Alternatively, instead of running CMake, thanks to the presence of setup.py
, it is possible to install the package via pip, writing
pip install .
In that case, the C++ tests' executables will be saved in build/temp.linux-x86_64-cpython-312
whereas the resulting shared libraries will be placed at build/lib.linux-x86_64-cpython-312
The installation via pip is available only in case of combined compilation of the statistics and integration parts.
After compilation, in any case you can just run the tests typing in the Python_Tests folder
python3 [module_to_test]_test.py
For completeness, here we also insert all the info contained in the previous README.md file of Homework02.
STATISTICS: Our code is able to read CSV files. We created two classes, CSV_Handler and Data_Table.
CSV_Handler is used to read the file but saves no information, whereas Data_Table is used to actually store the data and to perform statistical operations.
CSV_Handler was inserted because if a user only needs to access some element (or to perform operations not requiring to know the whole column/row) this class has a great advantage in terms of spatial complexity Data_Table is a vector of unordered maps. This choice allowed us to save the rows by their index and each column by the name of its key. The choice to go for an unordered map instead of an ordered one was made looking at computational efficiency.
All the statistical operations are methods of the Data_Table class. These allow users to compute the most significant values out of the columns containing numbers (mean, median, variance, standard deviation, correlation of two columns), to access single elements in the dataset, to count missing numbers, to count the occurrency of a specific event, to classificate an element in a given position (numerical/categorical), to drop selected rows/columns and to drop all the rows containing missing values. Also, we created a function which prints to an external file all the relevant info.
The file Test_QoL.hpp contains functions that are useful in the main. The file Iterators.hpp contains the definition of the iterators for our class.
More details regarding the statistics part can be found in the dedicated files. IMPORTANT: The dataset US_Crime_Rates.CSV is not well done, in the sense that it is not properly organized. It was downloaded from Kaggle and included here in order to test the function which opens the files, but we suggest not to use it for the testing because the data is not stored properly in the file itself. The other datasets, on the contrary, work perfectly.

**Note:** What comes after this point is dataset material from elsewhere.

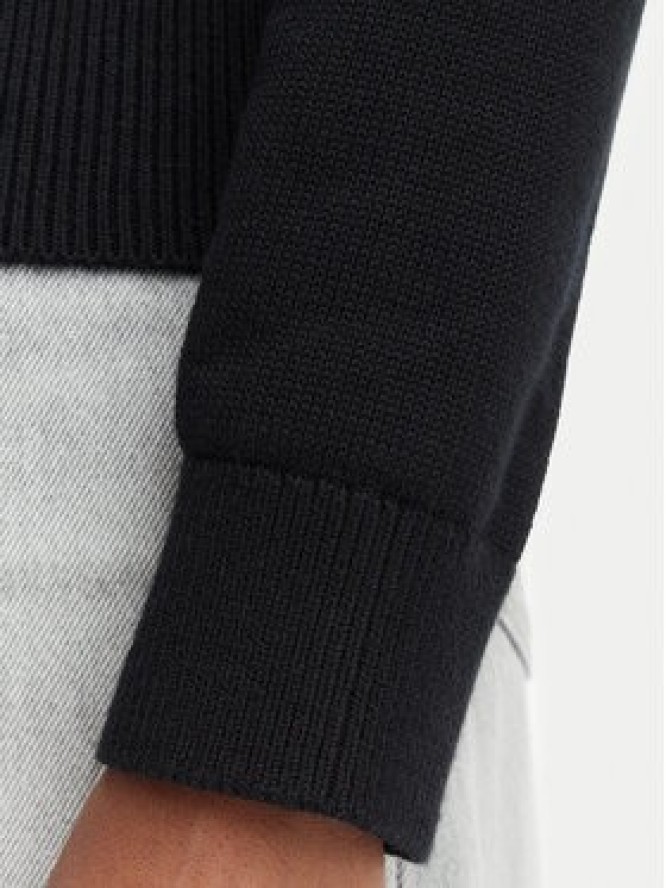 Calvin Klein Jeans Sweter LV047G322G Czarny Regular Fit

NUMERICAL ANALYSIS: Our code allows users to perform integration of real or complex valued functions of real variable. We created an abstract class from which the derived classes of the specific methods inherit. We implemented the midpoint rule, the trapezoidal rule, the Cavalieri-Simpson formula and the Gaussian quadrature formulas. Regarding convergence order and polynomial order, the results of the (detailed) study carried out is that they match the theoretical predictions. Regarding their efficiency, they tend to be not as efficient as the formulas provided by the library Boost. This particularly applies to the case of Gaussian quadrature, which we implemented using GNU GSL. In the other cases, the order of magnitude is the same or at most one more.

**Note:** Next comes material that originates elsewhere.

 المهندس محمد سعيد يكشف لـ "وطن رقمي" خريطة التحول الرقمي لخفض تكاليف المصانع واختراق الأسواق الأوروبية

The file Functions.hpp contains some examples of functions which are used in the testing.
More details regarding the numerical analysis part can be found in the dedicated files.

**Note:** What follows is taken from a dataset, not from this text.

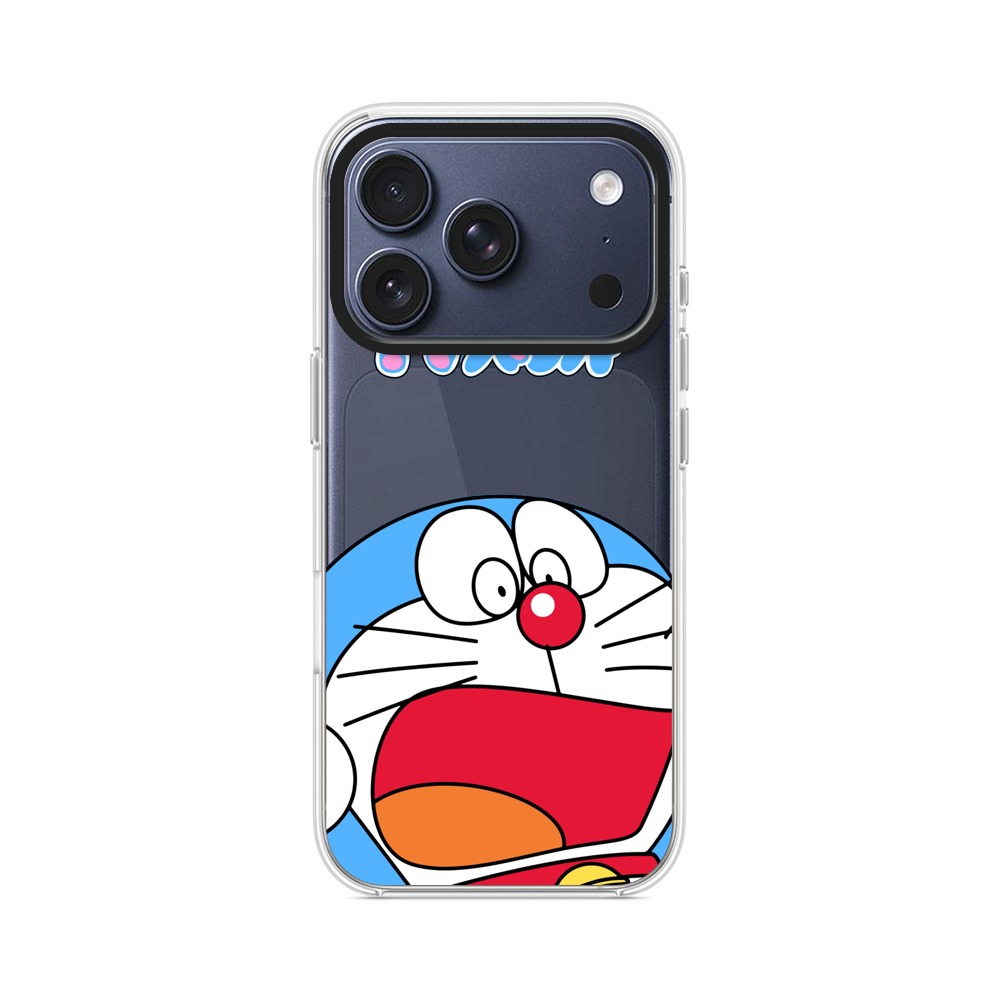 ドラえもんロゴ iPhone 17 Proオリジナルケース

The two libraries which we used are Boost and GNU GSL. Boost was used to test the properties of the methods, while GSL was used in order to perform Gaussian Integration. Since they are common libraries and can easily be installed using sudo apt, we decided not to include their code in this folder, also for memory reason (the compressed boost folder alone already occupies more than 130MB).
Thank you for reading the README.md file.